Dei progressisti sono sempre stato un irriducibile avversario. Mi accorgo, nel definirmi tale, di provare un certo imbarazzo perché "irriducibile" implicherebbe che non mi si possa facilmente "ridurre" con una querela o con un'aggressione alla mia persona (che dato l'inesistente peso mediatico non avrebbe manco senso) e soprattutto che qualcuno di questi personaggi, dalla Murgia a Burioni, mi conosca. E non è vera nessuna di queste cose. E tuttavia certamente chi scrive appartiene ad un'idea di mondo e di vita opposta a quella di questi signori. Quindi almeno loro avversario lo sono.
Ciò nonostante, oltre ad aver letto con dispiacere della sua malattia, prima che diventasse un ariete delle più deprimenti scemenze LGBT, di Michela Murgia sono stato un estimatore. Alcune sue opere oggettivamente notevoli le meritavano il posto nel pantheon dei grandi scrittori italiani. Poi è successo qualcosa che un suo amico del suo paese, che io conosco e che la conosce, ha descritto alla perfezione sostenendo che "un po' ci fa e un po' ci è, perché alcune vicende personali l'hanno portata ad impigliarsi nei fili della sua grande intelligenza".
Le sue vicende personali, naturalmente, teniamole fuori dal discorso per delicatezza, concentrandoci su una, ma soltanto perché l'ha raccontata lei: la terribile malattia che la sta portando ad una prematura morte. Che invece di garantirle una solidarietà totale, le sta provocando l'odio dei suoi nemici, su cui hanno già scritto decine di editorialisti, rilanciando lo stucchevole tema del cosiddetto "Odio in rete". Poniamoci invece una domanda: perché la Murgia viene odiata? Perché in questi giorni Burioni è fatto oggetto di violenti insulti in merito ai suoi post contro Djokovic?
Due persone ideologicamente all'opposto, possono tuttavia essere amici e addirittura amarsi se posseggono una comune idea di rispetto, se non tentano di soverchiarsi vicendevolmente e riconoscano l'uno all'altro dignità e buonafede. Con questi elementi, non soltanto un rapporto può resistere alle differenze ma può anche diventare stimolantissimo. Che sfizio c'è a passare il proprio tempo con una persona con cui si è d'accordo su tutto?

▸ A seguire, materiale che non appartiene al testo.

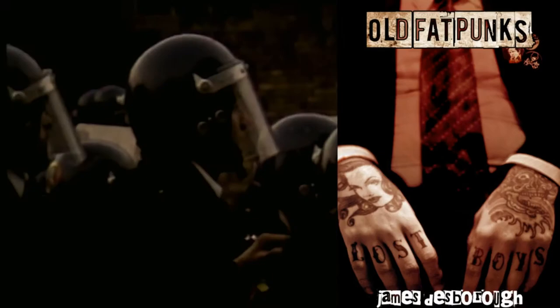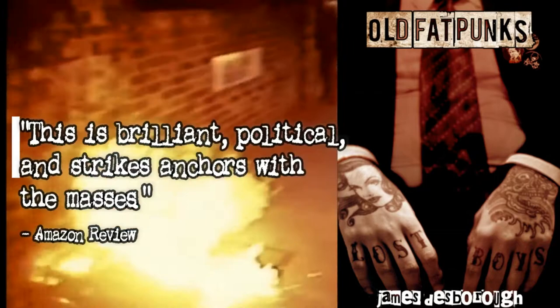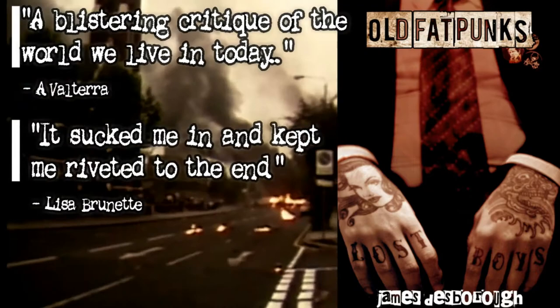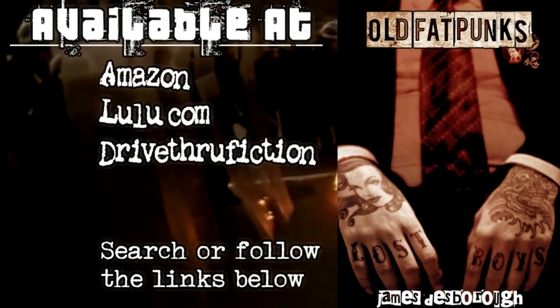Zang. Old Fat Punks is part caper, part comedy, part nostalgia and part commentary. It follows three aging punks as they build themselves up for one big nihilistic last hurrah. You can buy Old Fat Punks at Amazon, DriveThruFiction or lulu.com. Follow the links below or search on those sites.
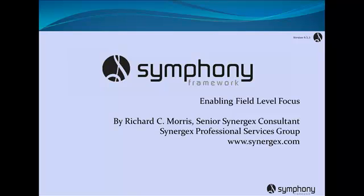Hi there, my name is Richard Morris and I'm a consultant with the SynergyX Professional Services Group. I'm also the architect of the Symfony framework. This short video is going to demonstrate how using Symfony data objects you can enable field level focus from your view or your view model within a WPF application.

Il punto è che questo banale principio di buonsenso non sembra appartenere né ai progressisti né a molti loro "soldati". E ho usato la parola "soldati" non a caso. Perché da tempo costoro non affrontano un civile dibattito ma una guerra nei confronti di chiunque non aderisca alle loro idee, appellandoli sbrigativamente come fascista, a colpi di ostracismi, esclusioni, proposte di scomuniche. La Murgia, Burioni e quelli come loro non scelgono una comunicazione persuasiva ma divisiva. Chi non è d'accordo con le loro verità non è un avversario da rispettare ma un nemico. Fino alla demenziale "invenzione" del fascistometro, l'arbitrario tentativo - camuffato dall'ipocrita pretesa di farlo apparire uno "scherzo" - di far passare il pericolosissimo concetto che fascista non sia chi si definisce effettivamente come tale ma anche chi, senza essere stato fascista neanche per un giorno della sua vita, ha semplicemente idee diverse dalla Murgia. O finanche pubblicando libri come "la congiura dei somari", nell'idea che un cittadino debba considerarsi somaro se semplicemente mette in dubbio i dogmi della scienza. Non occorre un luminare della psicologia per capire che tutto questo genera odio. Che quando si traduce in insulti, diffamazioni e anche aggressioni, è anche giusto perseguire penalmente e civilmente. Specie se, come nel caso della Murgia, sfotte la sua salute o altre vicende private. Ma se i personaggi del progressismo di odio iniziano a canalizzarne così tanto, forse dovrebbero farsi qualche domanda, capire se non sbagliano approccio, chiedendosi se una comunicazione diversa non possa essere molto più proficua.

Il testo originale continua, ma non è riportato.